A falta de adesão do Alto-Comando das Forças Armadas foi um fator decisivo para a não concretização do plano. Em mensagens, aliados expressaram indignação com generais.
Um dos interlocutores, o tenente-coronel Sérgio Ricardo Cavaliere, explicou que Bolsonaro estava com medo: “Se ninguém apoiar, ele vai preso. Então, não vai arriscar.”
Segundo ele, o decreto estava pronto, mas não foi assinado por falta de consenso dentro do Alto-Comando das Forças Armadas, que estava dividido e não apoiava a ideia.
Mensagens trocadas entre outros coronéis confirmam que a hesitação de Bolsonaro estava diretamente ligada à ausência de apoio das Forças Armadas.
Em um diálogo, o coronel Correa Netto desabafa: “O decreto não vai sair.
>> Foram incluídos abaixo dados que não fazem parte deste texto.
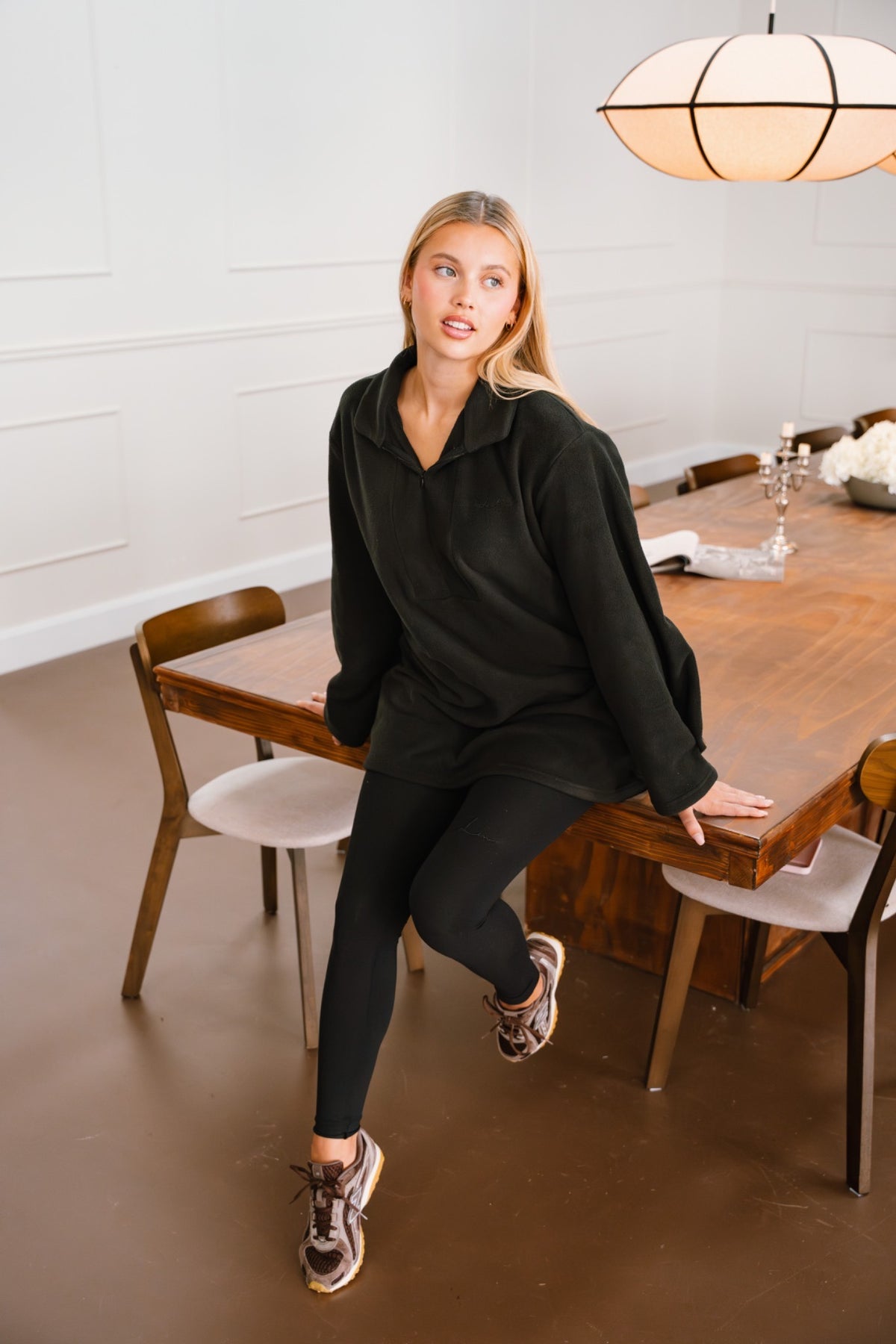 Oversized Teddy Top – Black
Ele está com medo de ser preso.”, foi dito, ainda citando a falta de apoio.
Os investigados também demonstraram frustração com os rumos da tentativa de golpe, lamentando a falta de adesão das instituições militares e a postura dos generais envolvidos, que priorizaram a estabilidade institucional.
O relatório da Polícia Federal indicia Jair Bolsonaro, aliados e militares de alta patente por supostos crimes de tentativa de golpe de Estado, abolição violenta do Estado Democrático de Direito e organização criminosa.